For 2026, the Bananas announced that the Banana Ball Championship League (BBCL) would play in 75 stadiums (ranging from MLB to NFL) in 45 states in front of over 3.2 million fans.

== Attendance ==
In their inaugural 2016 season, the Savannah Bananas ranked second in average attendance among 160 summer collegiate teams, as reported by Ballpark Digest. The Bananas recorded over 500,000 total fans in attendance on their Banana Ball World Tour in 2023. The team drew their largest attendance on May 2, 2026, with 102,000 spectators at Kyle Field in College Station, Texas, a football stadium. Fans First Entertainment, the owners of the Bananas, manage their own ticketing and merchandising, meaning they do not add fees for fans to the price of tickets.

==Television coverage==
Banana Ball made its national television debut in 2022 through a six-game agreement with ESPN. One game aired on ESPN2 and the others on ESPN+. The agreement returned in 2023 with one game on ESPN2 and two others on ESPN+.

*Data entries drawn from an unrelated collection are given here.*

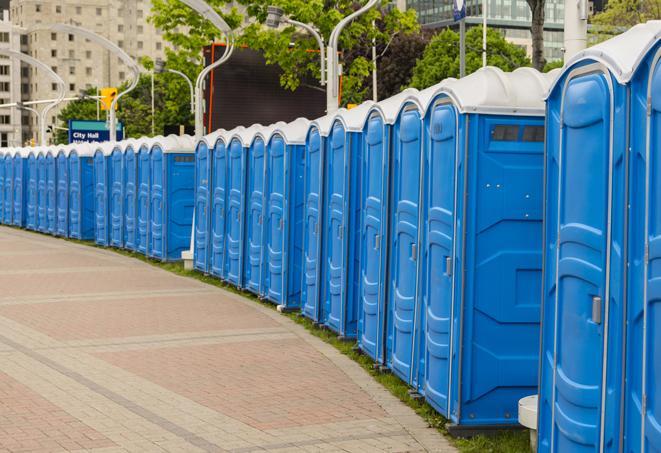 a row of portable restrooms set up for a special event, providing guests with a comfortable and sanitary option in Lafayette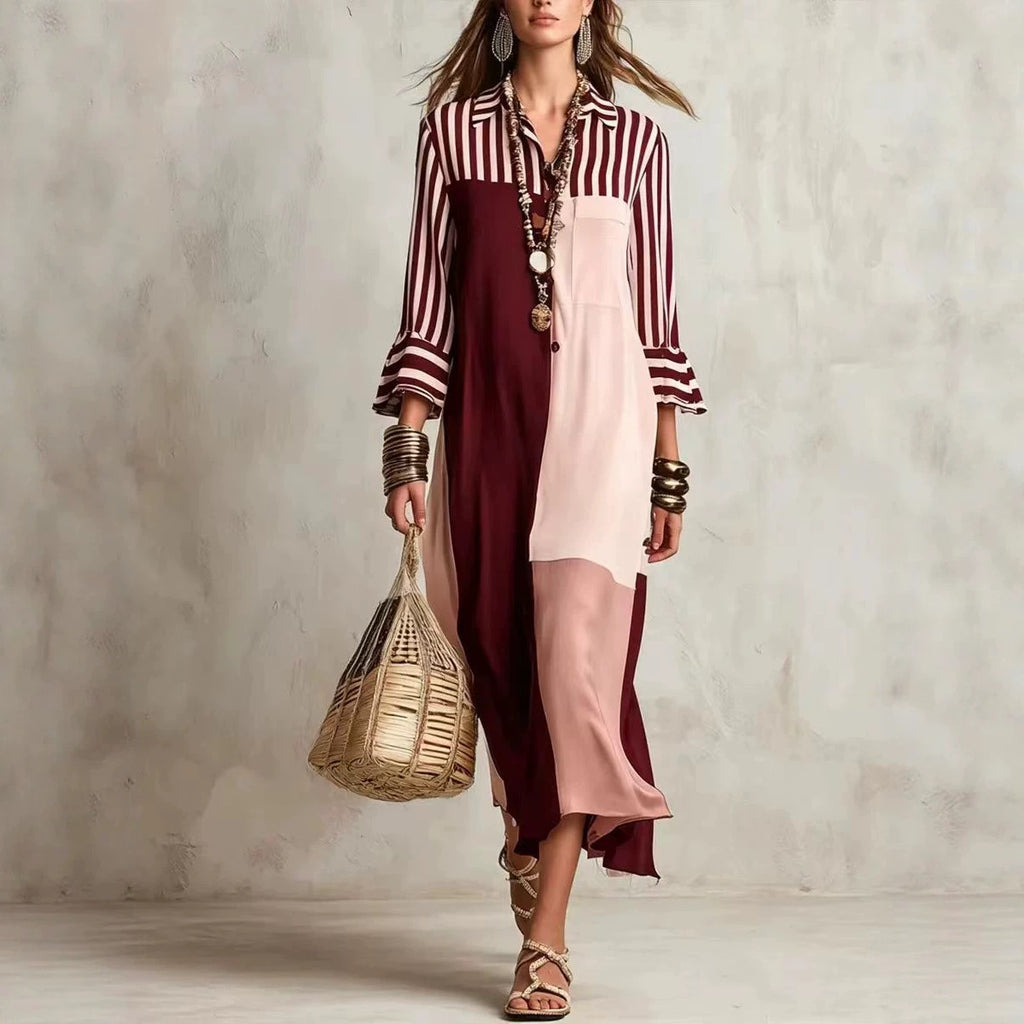 Woman wearing a striped shirt over a long dress with a woven bag against a plain background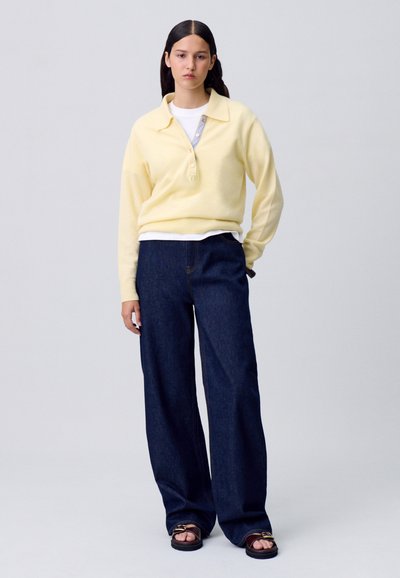 Suéter amarillo con cuello y botones, superpuesto a una camisa blanca, combinado con jeans de mezclilla oscuros de pierna ancha y sandalias negras con un acento dorado.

The Bananas significantly expanded their TV coverage in the 2024 season. In April 2024, the Bananas announced that 19 games would air on Stadium and Bally Live. In July, they announced a five-game agreement with ESPN. For the first time, three games aired on ESPN with two others airing on ESPN2 as part of the annual ESPN8 The Ocho event. In August, the Bananas announced an agreement with TNT Sports to exclusively air five games on TruTV.

In 2025, the Bananas announced a 10-game agreement with ESPN. For the first time, all 10 will be simulcast on Disney+ and ESPN+ along with airing on ESPN or ESPN2. It was later announced that two additional games will air only on ESPN+ and Disney+. Other games will continue to stream on Stadium and Bally Sports Live. In July, the Bananas announced one-game agreements with The Roku Channel and The CW. The game on The CW was the first time a Bananas game has aired over-the-air. Later in July, the Bananas announced an agreement with TNT Sports to air 19 games on TruTV and HBO Max beginning August 16. For the first time, this agreement includes the Banana Ball Tour Championship.

The Savannah Bananas retained the same partners for the 2026 season, while expanding the number of televised Banana ball games not including the Savannah Bananas. Twenty-five games will air on ESPN platforms, including the first ever game on ABC, with all games streaming on Disney+ and ESPN Unlimited. Additionally, TruTV and HBO Max will air 15 games, The CW will air six games, and the Roku Channel will air five games.

==Notable alumni==
Numerous former Bananas have been drafted by MLB clubs, but only the following have reached the major leagues:

- Braden Shewmake – Infielder who played for the Bananas in 2016. He was selected 21st overall by the Atlanta Braves in the 2019 Major League Baseball draft and made his MLB debut in 2023.
- Beau Sulser – Right-handed pitcher who played for the Bananas in 2016. He debuted in MLB with the Pittsburgh Pirates in 2022 and later pitched for the Baltimore Orioles.
- Rylan Bannon – Infielder who played for the Bananas in 2016 before debuting with the Baltimore Orioles in 2022. He later appeared in MLB for the Houston Astros.
- Cade Marlowe – Outfielder who played for the Savannah Bananas in 2018 before making his MLB debut with the Seattle Mariners in 2023. He gained national attention after hitting a grand slam early in his major league career.
- Brett Wisely – Infielder who played for the Bananas in 2019. Drafted by the Tampa Bay Rays, he made his MLB debut with the San Francisco Giants in 2023.
- Tristan Peters – Outfielder who played for the Savannah Bananas in 2021 during the organization's Coastal Plain League era. He was selected by the Milwaukee Brewers in the seventh round of the 2021 Major League Baseball draft, made his MLB debut with the Tampa Bay Rays in 2025, and was later traded to the Chicago White Sox.
- Hayden Harris – Left-handed pitcher who appeared for the Savannah Bananas' Banana Ball team in 2022. He made his MLB debut with the Atlanta Braves in 2025, becoming the first player from the Banana Ball era to reach the major leagues.